▶ Try it:
Please give the lines below again exactly as they stand, from the one that contains "The bottom is" up to and including the one that contains "The following items", leaving all pictures out.
----- Data records
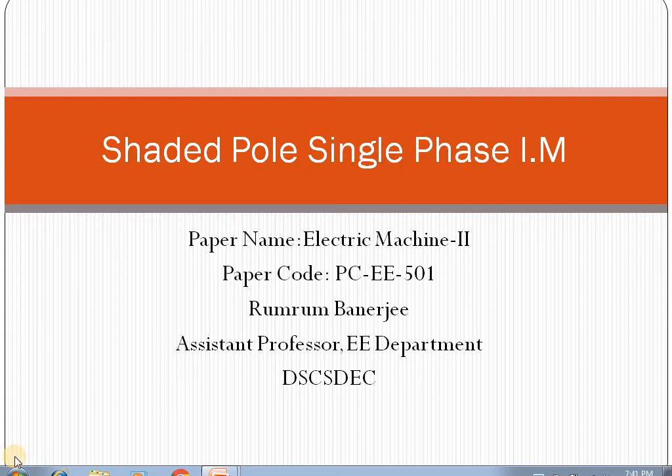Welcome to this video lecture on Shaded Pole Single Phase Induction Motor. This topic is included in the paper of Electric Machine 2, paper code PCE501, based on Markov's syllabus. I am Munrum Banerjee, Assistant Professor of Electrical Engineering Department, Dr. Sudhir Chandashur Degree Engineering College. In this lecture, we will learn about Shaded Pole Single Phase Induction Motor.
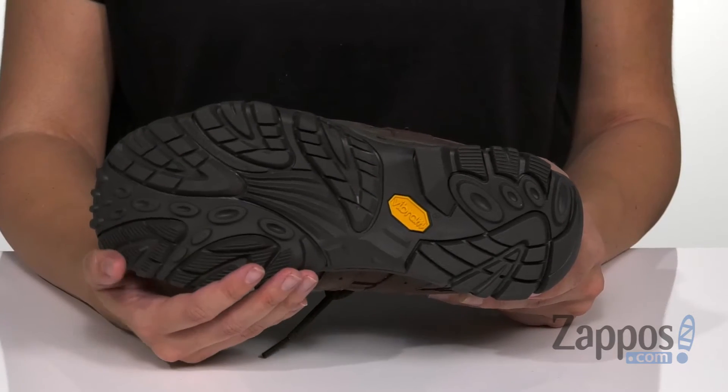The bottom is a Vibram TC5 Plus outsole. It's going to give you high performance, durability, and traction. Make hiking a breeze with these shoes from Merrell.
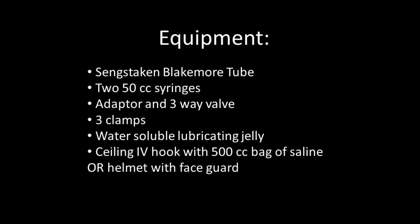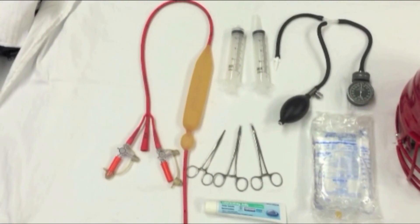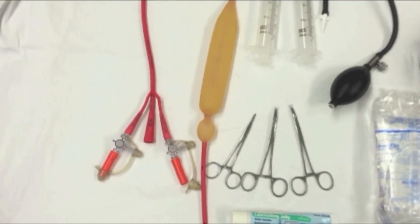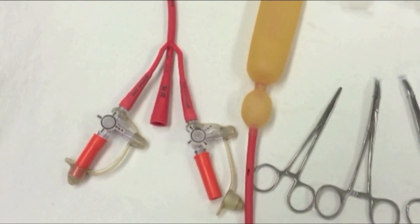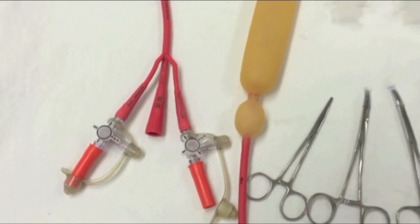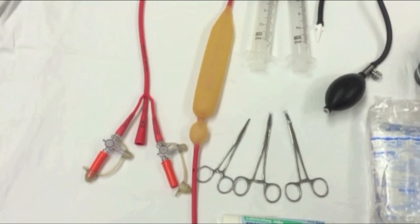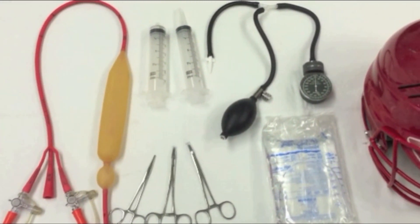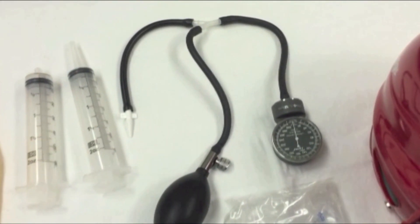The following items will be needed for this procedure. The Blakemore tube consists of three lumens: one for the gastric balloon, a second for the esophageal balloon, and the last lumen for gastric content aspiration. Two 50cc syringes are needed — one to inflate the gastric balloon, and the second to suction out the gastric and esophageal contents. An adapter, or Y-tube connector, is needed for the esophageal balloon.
----------
----- Data records
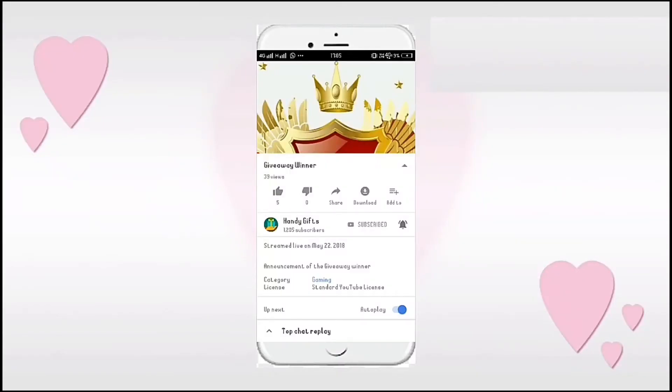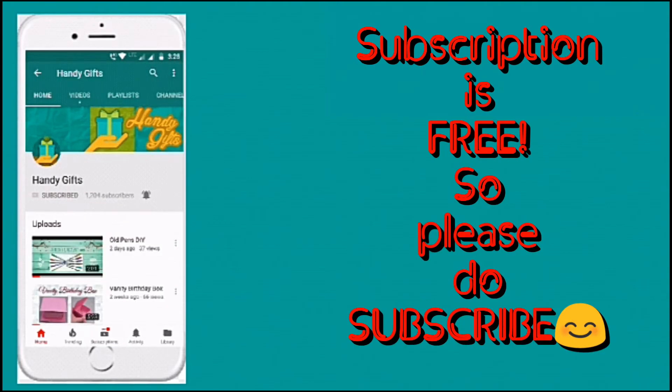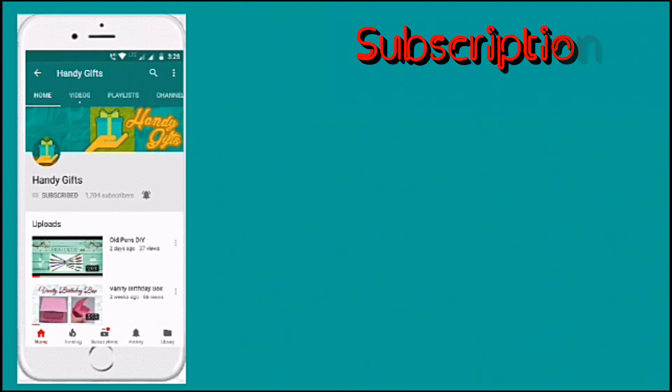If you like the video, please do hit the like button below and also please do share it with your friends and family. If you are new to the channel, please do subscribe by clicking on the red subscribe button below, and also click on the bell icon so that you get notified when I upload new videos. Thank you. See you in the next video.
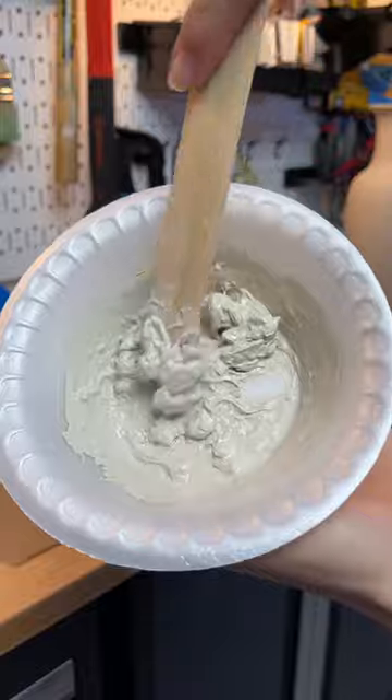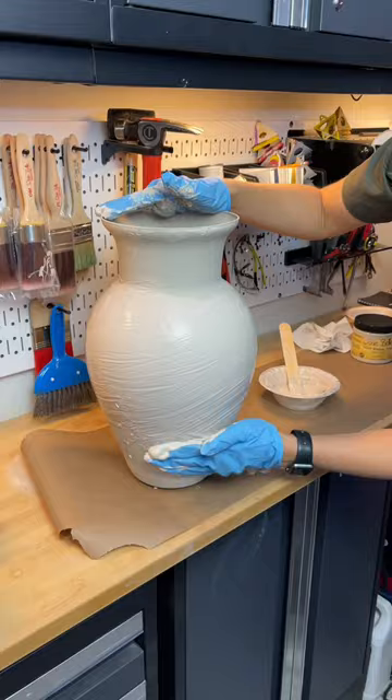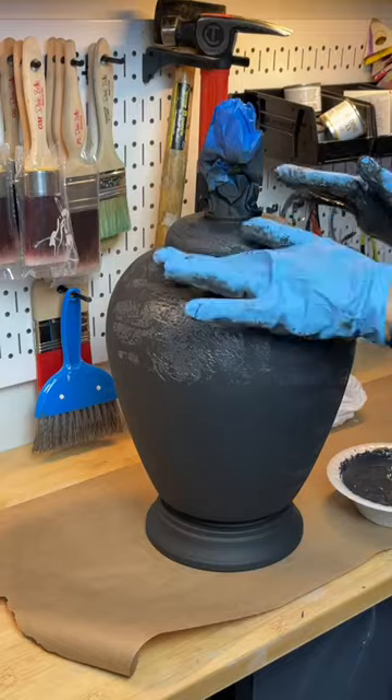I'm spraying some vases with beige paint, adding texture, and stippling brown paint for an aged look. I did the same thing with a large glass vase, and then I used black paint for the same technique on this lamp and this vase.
----------
▶ Response to the task:
The bottom is a Vibram TC5 Plus outsole. It's going to give you high performance, durability, and traction. Make hiking a breeze with these shoes from Merrell.
The following items will be needed for this procedure. The Blakemore tube consists of three lumens: one for the gastric balloon, a second for the esophageal balloon, and the last lumen for gastric content aspiration. Two 50cc syringes are needed — one to inflate the gastric balloon, and the second to suction out the gastric and esophageal contents. An adapter, or Y-tube connector, is needed for the esophageal balloon.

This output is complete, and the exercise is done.